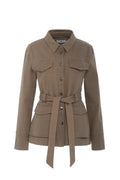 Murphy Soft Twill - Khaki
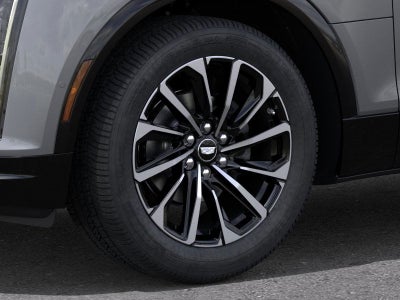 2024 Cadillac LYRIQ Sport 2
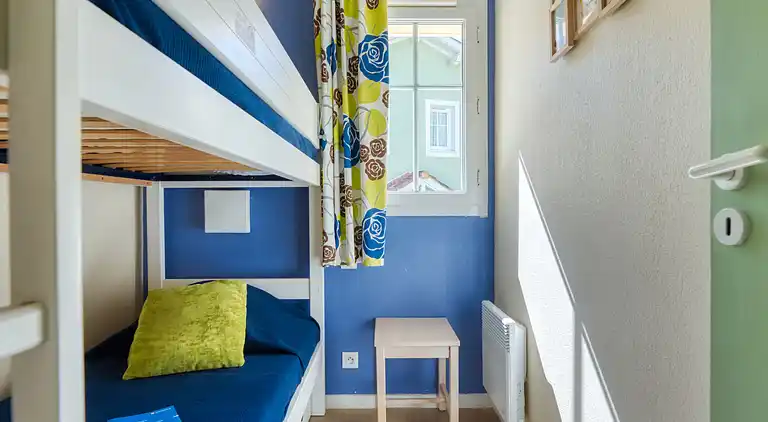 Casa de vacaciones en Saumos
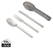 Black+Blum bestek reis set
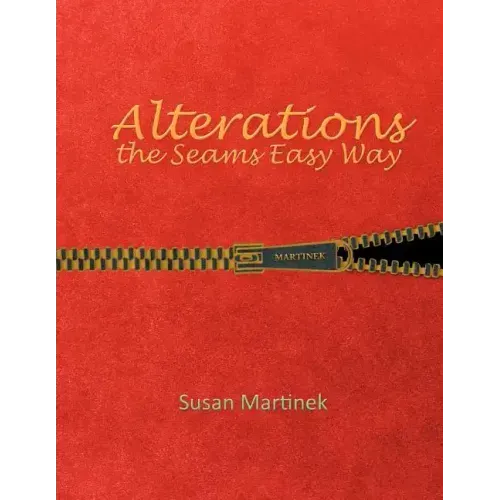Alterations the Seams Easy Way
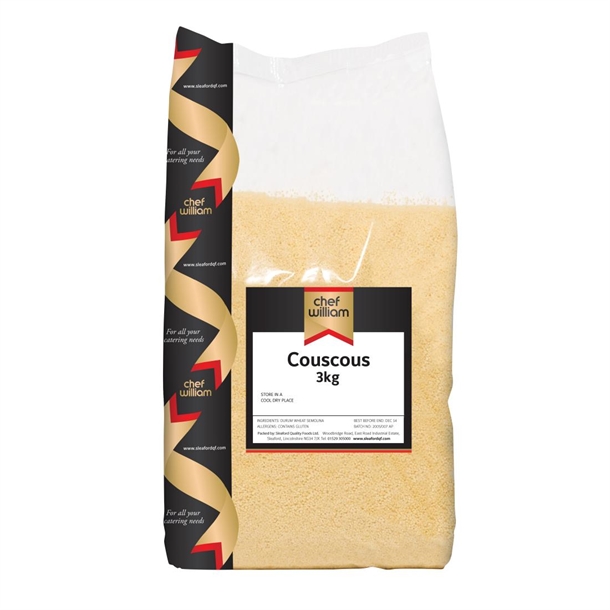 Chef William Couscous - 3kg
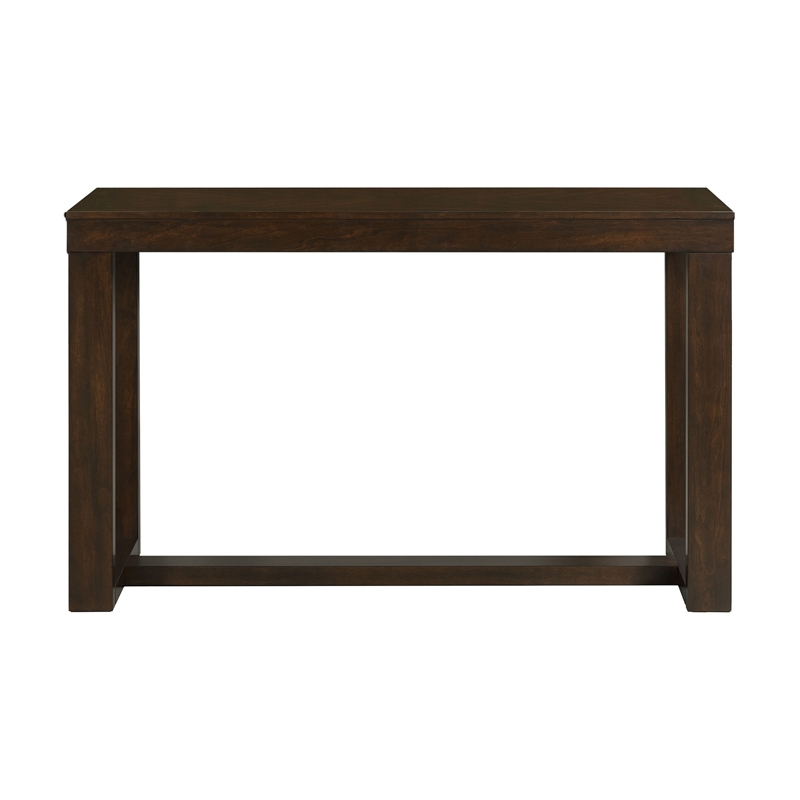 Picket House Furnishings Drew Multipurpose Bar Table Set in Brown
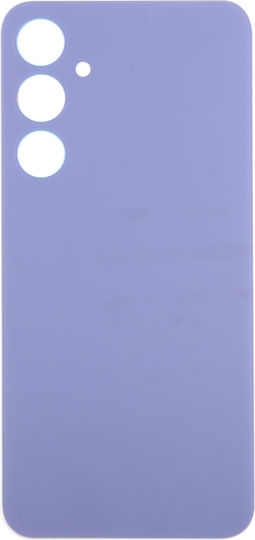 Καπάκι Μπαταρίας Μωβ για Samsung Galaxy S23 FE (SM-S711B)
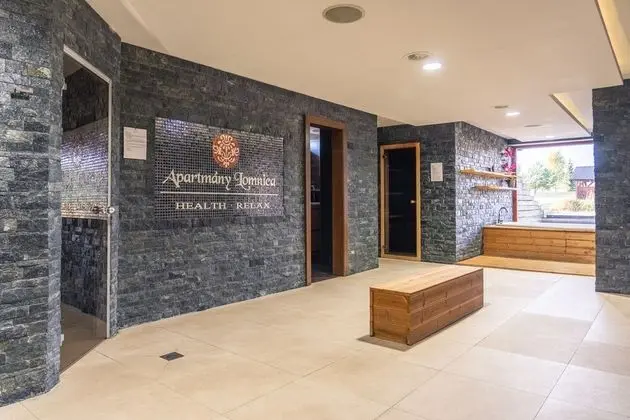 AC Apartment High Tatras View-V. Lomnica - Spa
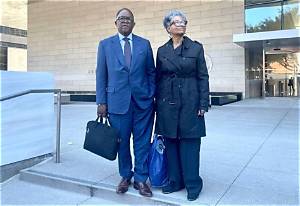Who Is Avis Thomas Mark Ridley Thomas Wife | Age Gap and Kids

→ What to work on:
For each record above, write out every line exactly and skip the pictures.

→ Response:
 Murphy Soft Twill - Khaki
 2024 Cadillac LYRIQ Sport 2
 Casa de vacaciones en Saumos
 Black+Blum bestek reis set
Alterations the Seams Easy Way
 Chef William Couscous - 3kg
 Picket House Furnishings Drew Multipurpose Bar Table Set in Brown
 Καπάκι Μπαταρίας Μωβ για Samsung Galaxy S23 FE (SM-S711B)
 AC Apartment High Tatras View-V. Lomnica - Spa
Who Is Avis Thomas Mark Ridley Thomas Wife | Age Gap and Kids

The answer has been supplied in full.